Created attachment 331710 [details] ais.log of node which started later
Chrissi, Lon, have you already been able to reproduce the issue ? -Mark
Christine, Do we have everything we need to move forward on this issue? There are many different business projects on hold as a result of this un-documented feature.
(In reply to comment #36) > Chrissi, Lon, > have you already been able to reproduce the issue ? > -Mark I haven't been able to reproduce this at all on my 2-node KVM or my 5-node baremetal cluster.
Lon, are you using RHEL5.[23] with all rpms provided from this channel? And did you 1. bootup node1. 2. Wait until it has joined the fence_domain successfully (cman_tool services shows everything ok) 3. bootup node2. 4. Let it join the cluster 5. node1 will be thrown out of the cluster I'm having two kvm nodes installed with RHEL5.2/3 and if I boot them this way this problem happens. What do you think? Regards Marc.
I have tried all sorts of things in attempts to reproduce the problem and the only thing that works for me is to start the two nodes up disconnected and with a quorum forced at 1. Which is a highly unusual (and pathological) setup !
hello, I have the same situation with a 2-nodes physical cluster. It was previously in 5U2 with qdisk and fence_ilo as fenceing method. I had to do a workaround to have it working in 5U2: start of qdisk in level 20 before cman (21) instead of defualt 22. Otherwise there were problems with start of anode alone. Now this had to be solved in U3 because of qdisk start inclusioin in cman script itself. (Note: I didn't apply November patches related to cluster) After update to U3 I encounter the same problems as yours. I'm going to attach my situation with logs from both nodes. file is "boot_order_first_oracs1_then_oracs2.txt" The problem is symmetrical, so that if I change the start sequence of the nodes, I get the same: first node cman killed by the other. What is very bad in my opinion is that on first node the services (in my case some fs, oracle DB and ip) remains active but for example clvmd has problems and it is impossible to manage services.... HIH debugging and I'm available to help in testing if necessary. We would like to go to production before 28th of February with U3 packages if possible. Gianluca
Created attachment 332018 [details] both nodes powered off. start of oracs1, then oracs2. logs
Note on myself posts # 41 and 42. As I have a case open, I was requested in the mean time to try to downgrade openais, without success. So in my logs the version of openais is openais-0.80.3-15.el5.x86_64 instead of openais-0.80.3-22.el5.x86_64 as provided by default U3. Gianluca
Aha! I managed to reproduce it at last The problem seems to be related to qdisk, though it might need to be solved elsewhere. What seems to happen is that the first node starts up on its own and becomes quorate thanks to qdisk. So it starts fencing and thus the "Dirty" bit gets set. When that node is stable, the second node is started. This becomes quorate on its own (thanks to qdisk) and starts fencing, THEN it sees the other node. They try to merge and BANG, a fencing race happens. I think this happens partly because of the way aisexec always joins a single node cluster on its own before seeing any other nodes. As far as ais is concerned all joins are really merges. But for cman's sake we can only allow that where there is no state (in this case fencing). So the questions are: - is fencing 'state' ? I appreciate that it's more than just an order to kill a node but does it really need to preclude merges ? - can we 'fix' qdiskd startup so that it doesn't let fenced get its state before the second node joins? - is it possible to set the dirty bit later? is just starting a daemon really enough to preclude a join or does it have to have done something first ? - what help do we need from cman to accomplish any of this. Bearing in mind that cman in RHEL5/6 already holds some fencing state of its own that might be useful.

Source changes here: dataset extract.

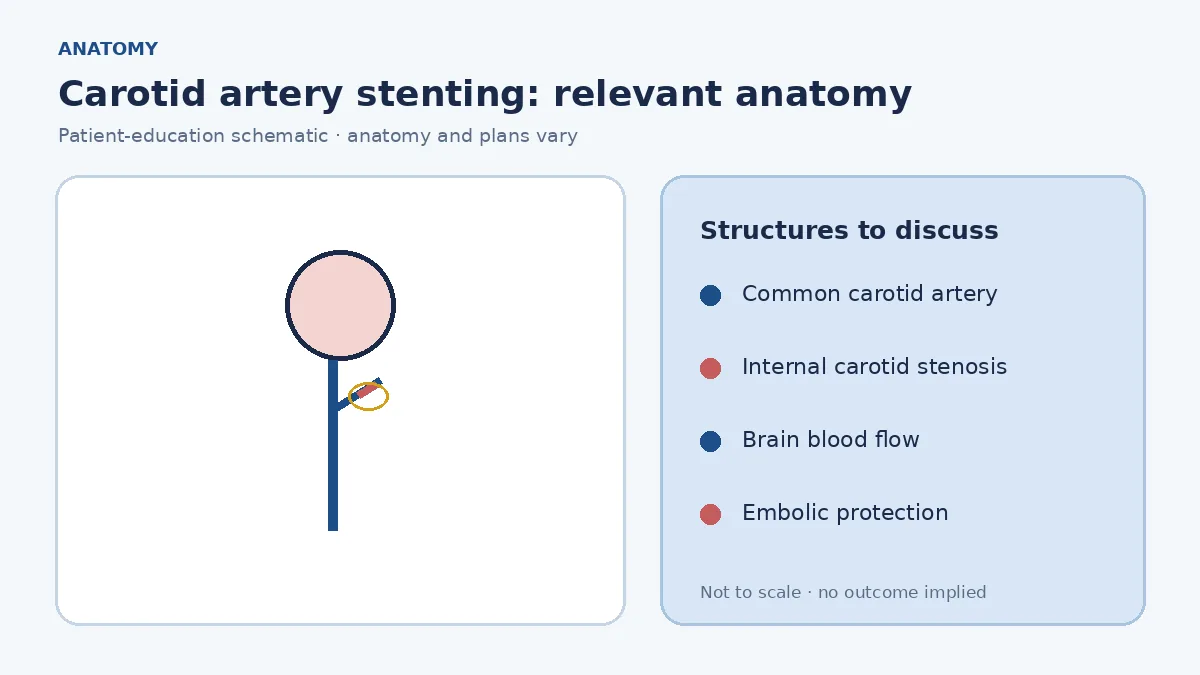 Medical illustration of a narrowed internal carotid artery in the neck and its relationship to brain blood flow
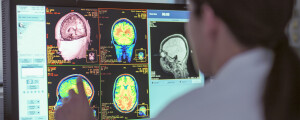 Médica olhando para um monitor que mostra uma imagem em Raio X do cérebro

Gianluca: Downgrading openais will make no difference. Downgrading cman might - it depends if what you are seeing is what I described in comment #44
Michael Waite: Just to be clear, this isn't an undocumented feature. It's documented in the man pages and in my white paper on the subject. That doesn't change the fact that it's almost universally misunderstood though! What has changed in RHEL5.3 is that a bug has been fixed in cman that tightens the rules up regarding nodes merging with state which is, I suspect, why this seems to happen more frequently than it did.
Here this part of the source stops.